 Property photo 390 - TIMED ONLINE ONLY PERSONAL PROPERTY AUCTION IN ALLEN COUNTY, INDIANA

==

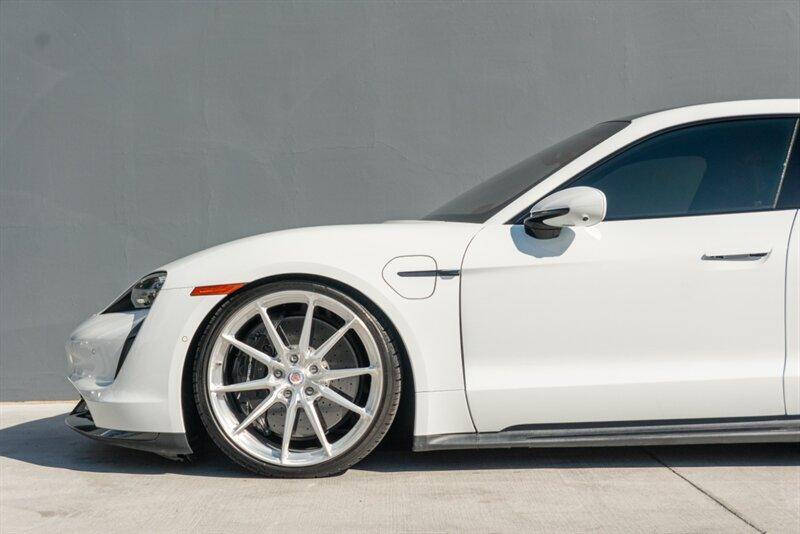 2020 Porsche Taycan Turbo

* * *

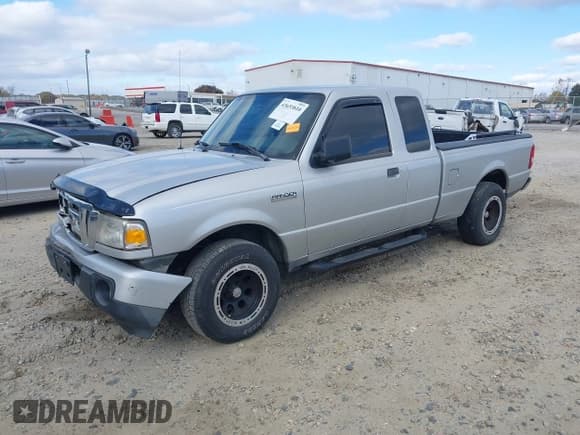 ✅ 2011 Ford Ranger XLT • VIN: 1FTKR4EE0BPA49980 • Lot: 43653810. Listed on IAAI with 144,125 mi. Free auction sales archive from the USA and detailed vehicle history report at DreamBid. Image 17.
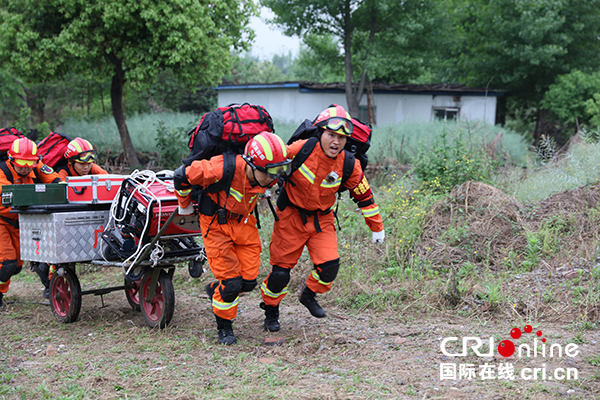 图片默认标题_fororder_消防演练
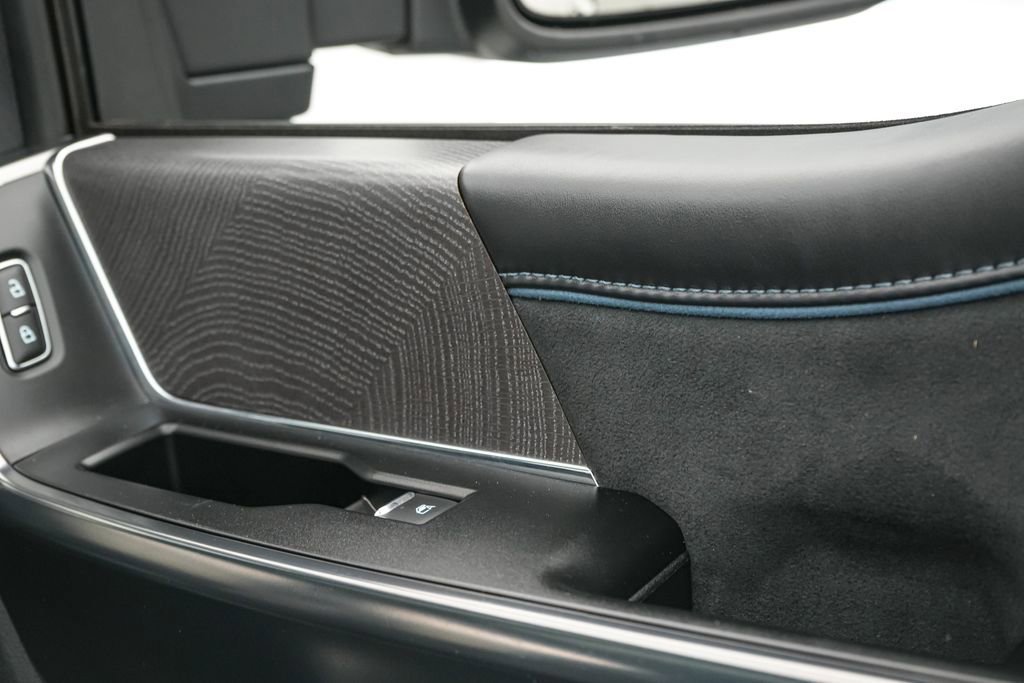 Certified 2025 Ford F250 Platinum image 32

EXERCISE INSTRUCTIONS: Transcribe, word for word, the lines of the listing above from the one that contains "DreamBid. Image 17." through the one that contains "Certified 2025 Ford F250 Platinum image 32", keeping both ends and dropping the pictures.

EXERCISE RESULT:
 ✅ 2011 Ford Ranger XLT • VIN: 1FTKR4EE0BPA49980 • Lot: 43653810. Listed on IAAI with 144,125 mi. Free auction sales archive from the USA and detailed vehicle history report at DreamBid. Image 17.
 图片默认标题_fororder_消防演练
 Certified 2025 Ford F250 Platinum image 32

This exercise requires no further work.